Leila miró a los chavales que bajaban en tropel por la escalera de mano mientras yo la miraba a ella. Ella dio rienda suelta a sus pensamientos y yo, observándola, intenté imaginar qué pensamientos serían.

6

Los chavales continuaron con su juego de asedio y reasedio pero, poco después de que Leila se marchara, me di cuenta de que la cosa estaba empezando a perder fuelle. La fatiga de la batalla comenzaba a propagarse entre sus filas. Los chillidos escalofriantes de los invasores y los gritos desafiantes de los defensores estaban perdiendo una parte de su convicción anterior. Y por fin la cosa se acabó. Todos lo supieron. Se alejaron deambulando en grupitos, cada uno por su lado, tal como habría hecho un ejército adulto en desbandada: un poco fatigados, un poco aburridos, pero con pocas ganas de hacer frente a los rigores de la paz que les esperaban en casa.

7

Las sombras de la palmera y de la casa del árbol se alargaron hasta entrecruzarse. El viento amainó. El sol, en tanto que presencia, descendió y desapareció de mi vista, pero no sería justo decir que lo vi ponerse. Las sombras dieron paso al crepúsculo, que las absorbió, y el crepúsculo a la noche. La luna ascendió ligeramente a la izquierda de aquella palmera solitaria que ocupaba el centro del semicírculo.

Solamente me quedaban cinco cigarrillos, y encendí uno.

Estar allí, sentado al volante de un coche aparcado, empezaba a resultarme mucho más confortable que estar en mi suite del Beverly Wilshire.

Un taxi asomó por la calle, se adentró en el semicírculo y barrió fugazmente mi parabrisas con los faros. Se detuvo cerca de donde se había detenido el otro taxi. Dejó el motor en marcha y los faros encendidos. Al cabo de un minuto más o menos, apareció Leila.
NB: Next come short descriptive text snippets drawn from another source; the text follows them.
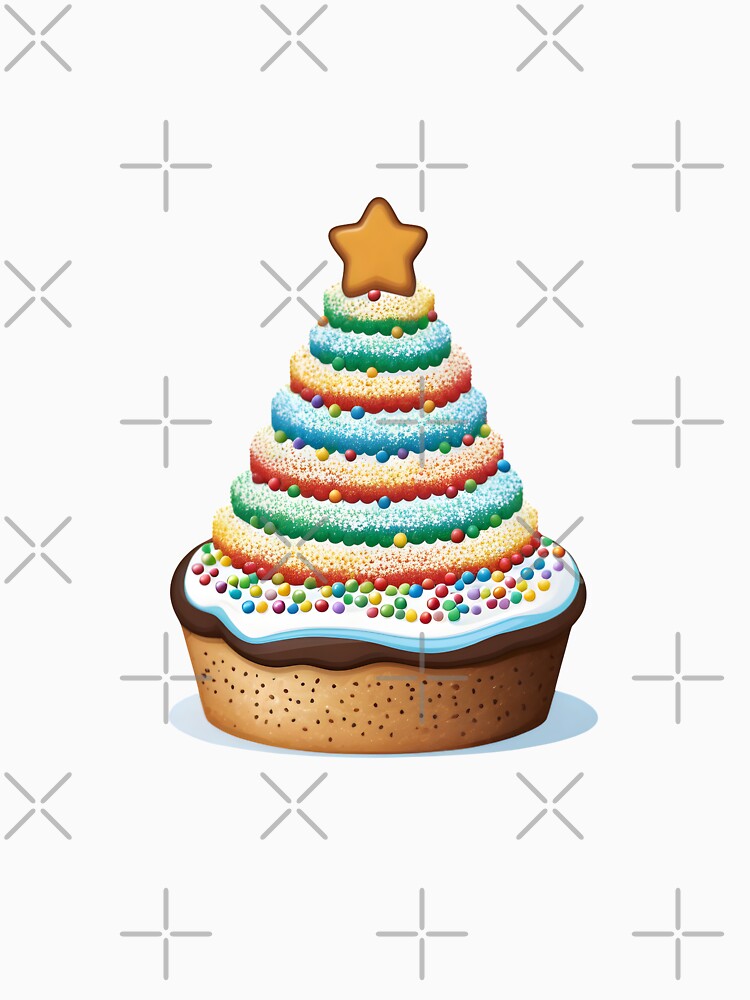 Christmas Tree Cake by HappyDigiart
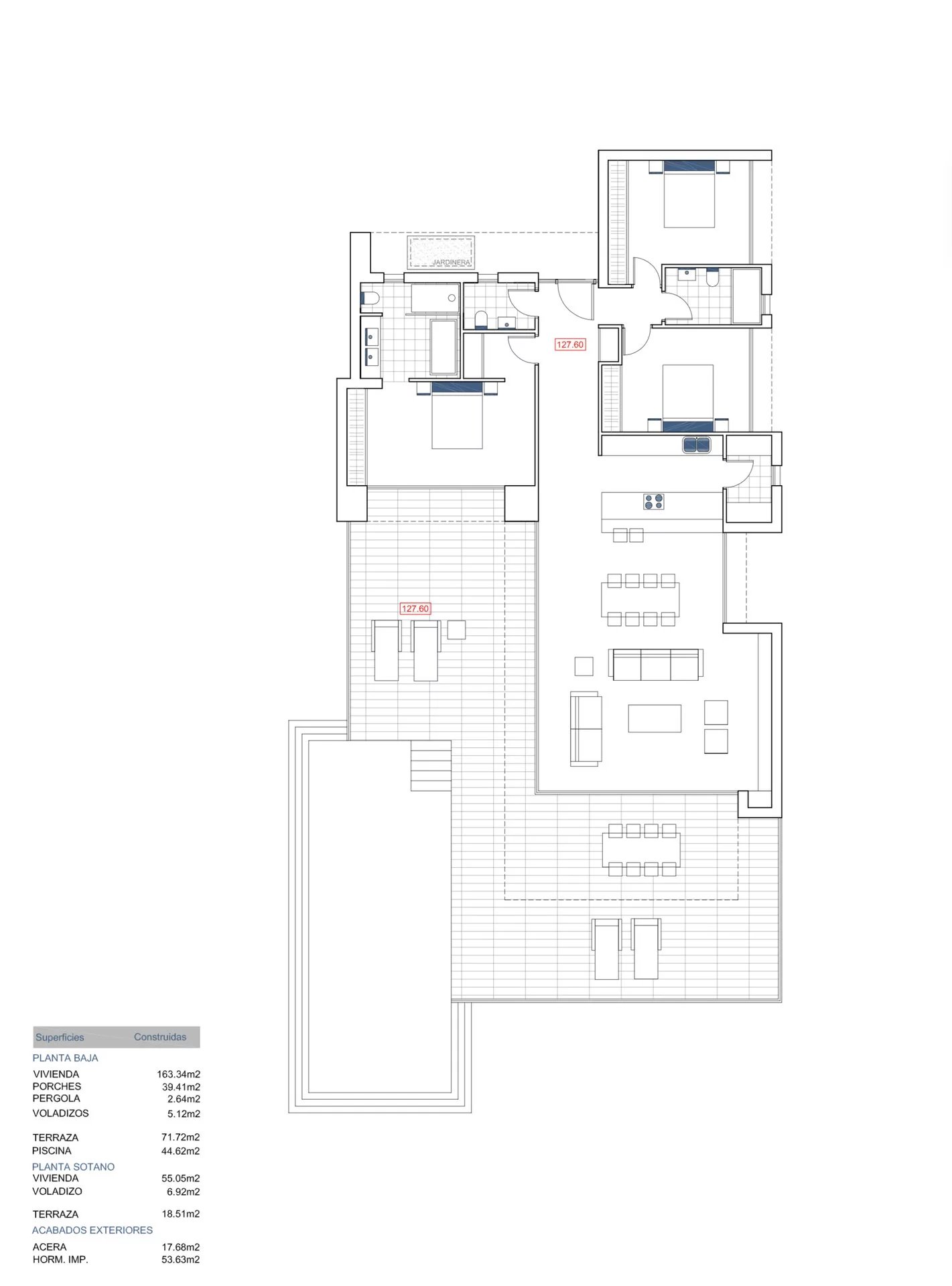 4 Bed, 3 Bath, HouseFor Sale, Teulada, Alicante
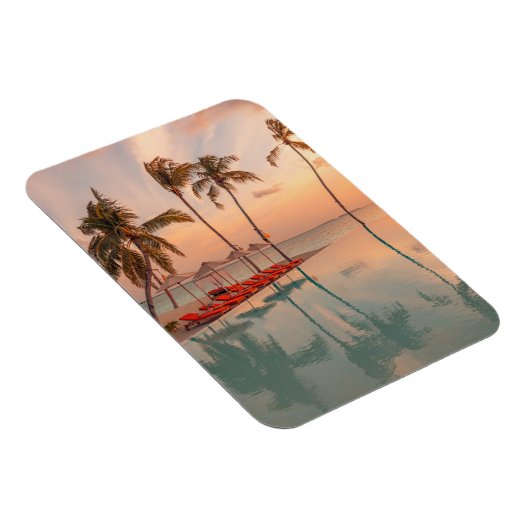 Tropical Beaches Maldiven Tropical Beach & Pool Magneet (Rechterzijde)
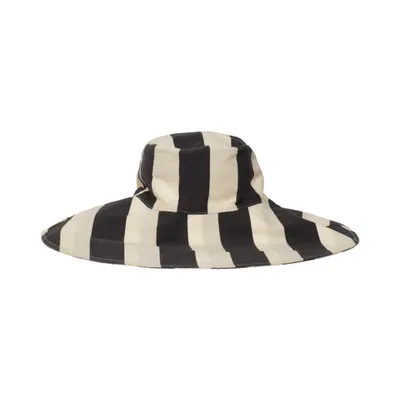 Chapeau de soleil (Noir, Blanc) de H&M Coton, Élasthane, Polyester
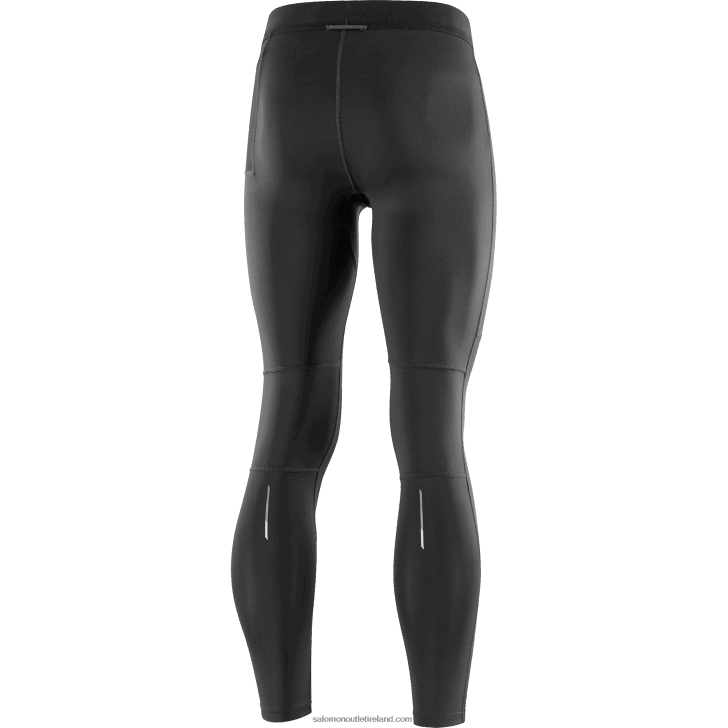 Deep Black 0600F253 Men's Tights - Cross Run Salomon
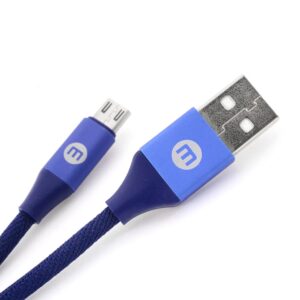 CABLE MOBO IPHONE NYLON KNIT AZUL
Iba corriendo, como si llegara tarde a algo. Se protegió los ojos del resplandor de los faros con la mano y se metió en el taxi. El taxi se alejó.

8

Me había sentido de maravilla conmigo mismo antes, al decidir que iba a dejar en paz a Leila. El recuerdo de aquella superioridad moral me acompañaba, mientras seguía al taxi, salvo por el hecho de que ahora el recuerdo estaba siendo remodelado para acomodar el rechazo absoluto de sí mismo.

Razoné que resultaba muy poco habitual que yo me sintiera bien conmigo mismo y en posición de superioridad moral, y sin embargo a la mujer que había inspirado tan virtuosa conducta en mí y en cuyo nombre yo había mostrado bondad y moralidad hacía sólo un rato no la conocía personalmente. Si ella me podía inspirar una conducta tan elevada cuando ni siquiera la conocía, entonces si me hacía amigo de ella tal vez se abriera ante mí todo un panorama de conductas morales. Dejarla en paz, por consiguiente, equivaldría a darle la espalda a aquella posibilidad.

No tenía ni idea de adónde la estaba llevando el taxi, y en consecuencia tampoco tenía idea alguna de hacia dónde los estaba siguiendo por las calles de Venice, pero la seguí de todas maneras, como si fuera una línea argumental en pleno proceso de escritura mientras conducía.